TO DO ::
Print every entry, word for word, and skip the images.
[[ EXTRACTED DATA open ]]
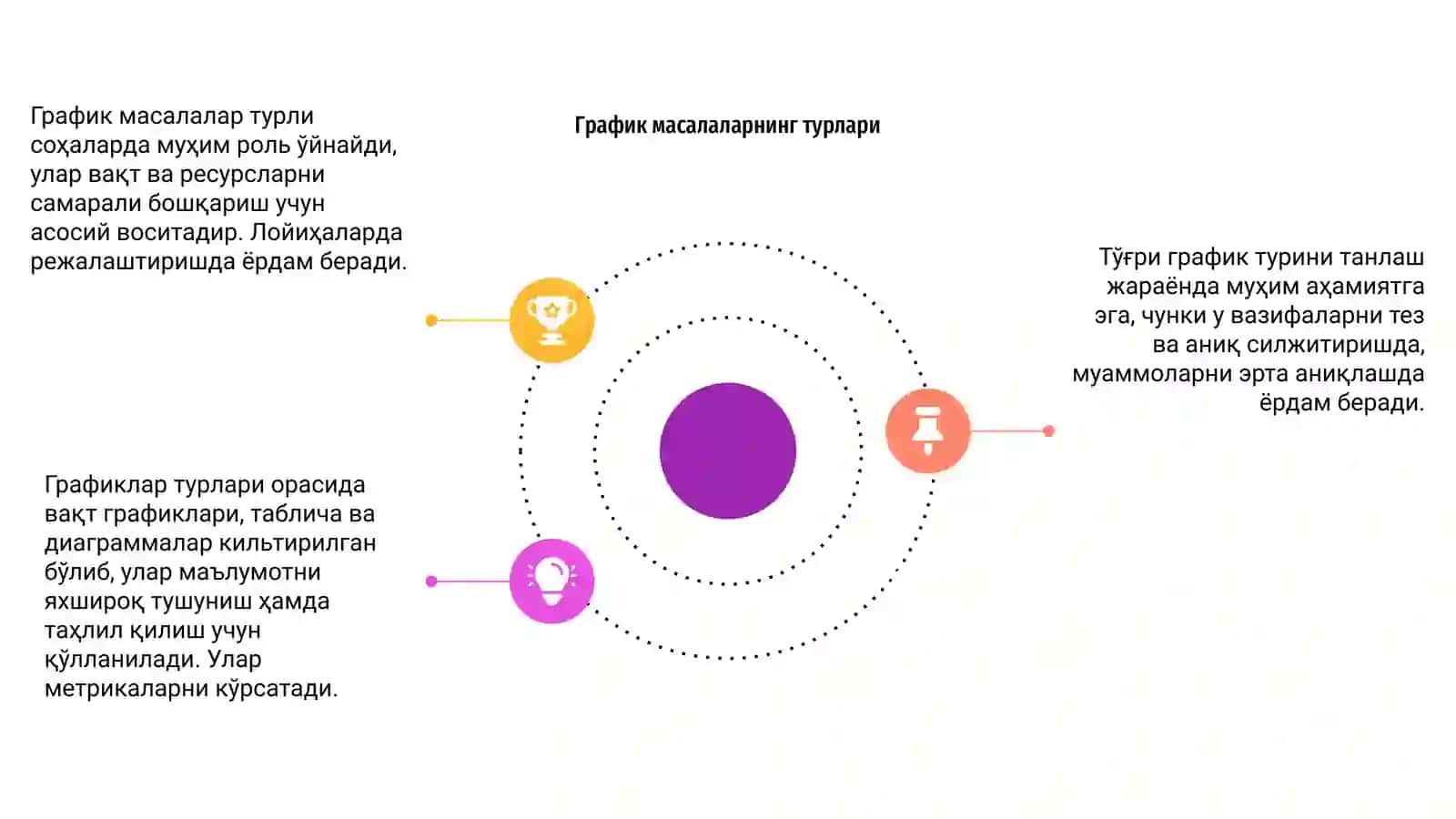 Лойихалашга доир график масалалар 4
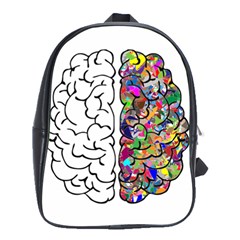 Brain Mind A I Ai Anatomy School Bag (large) by Pakrebo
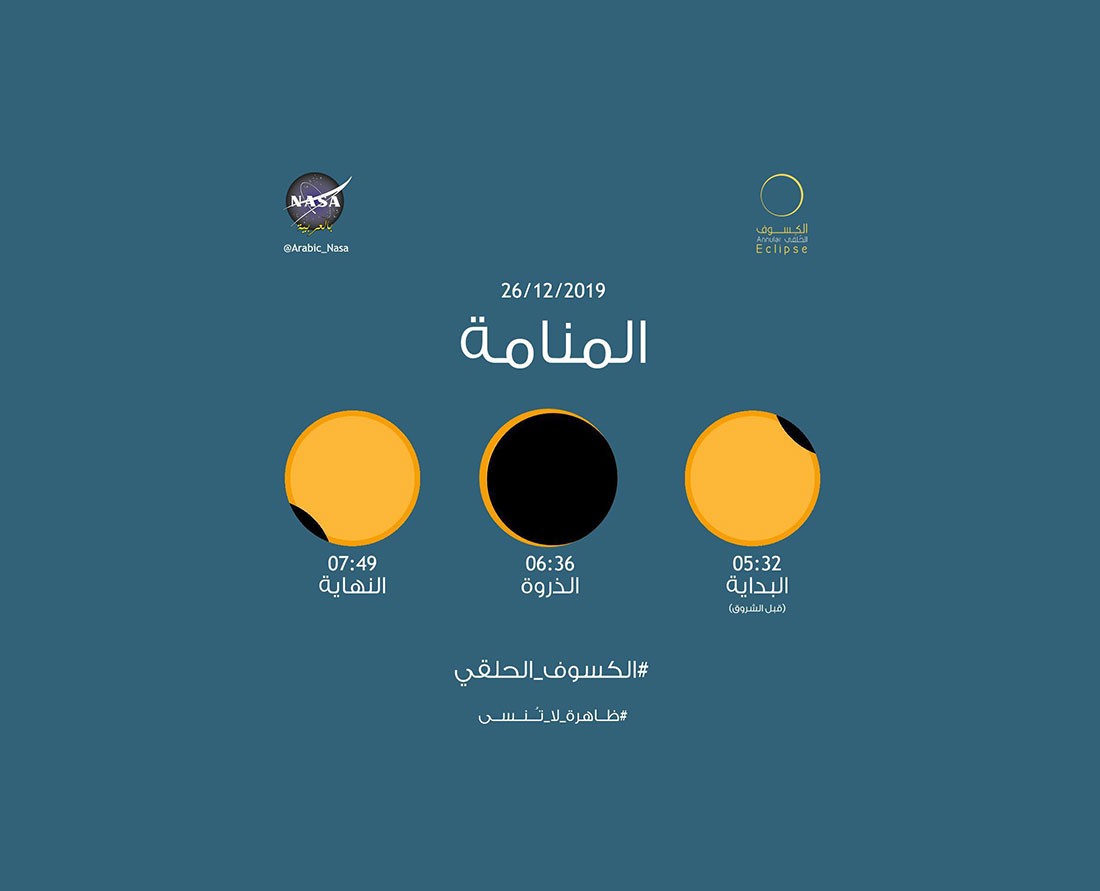 التحديق بالشمس المكسوفة يُعمي العين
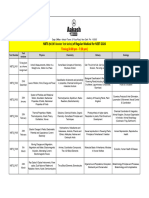 Schedule & Syllabus of NCERT Booster Test Series Regular Medical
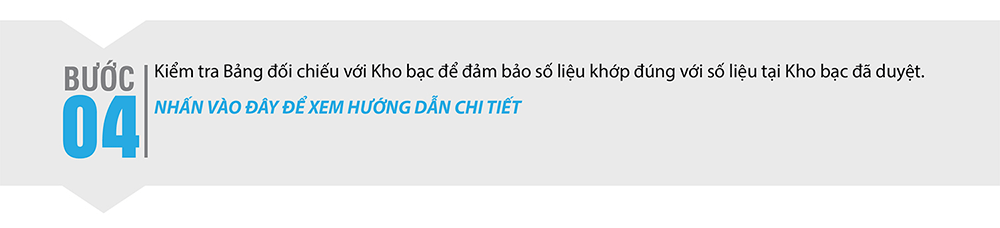 Phần mềm kế toán MISA SME – 27 năm số 1 Việt Nam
[[ EXTRACTED DATA closed ]]
EXERCISE SOLUTION ::
 Лойихалашга доир график масалалар 4
 Brain Mind A I Ai Anatomy School Bag (large) by Pakrebo
 التحديق بالشمس المكسوفة يُعمي العين
 Schedule & Syllabus of NCERT Booster Test Series Regular Medical
 Phần mềm kế toán MISA SME – 27 năm số 1 Việt Nam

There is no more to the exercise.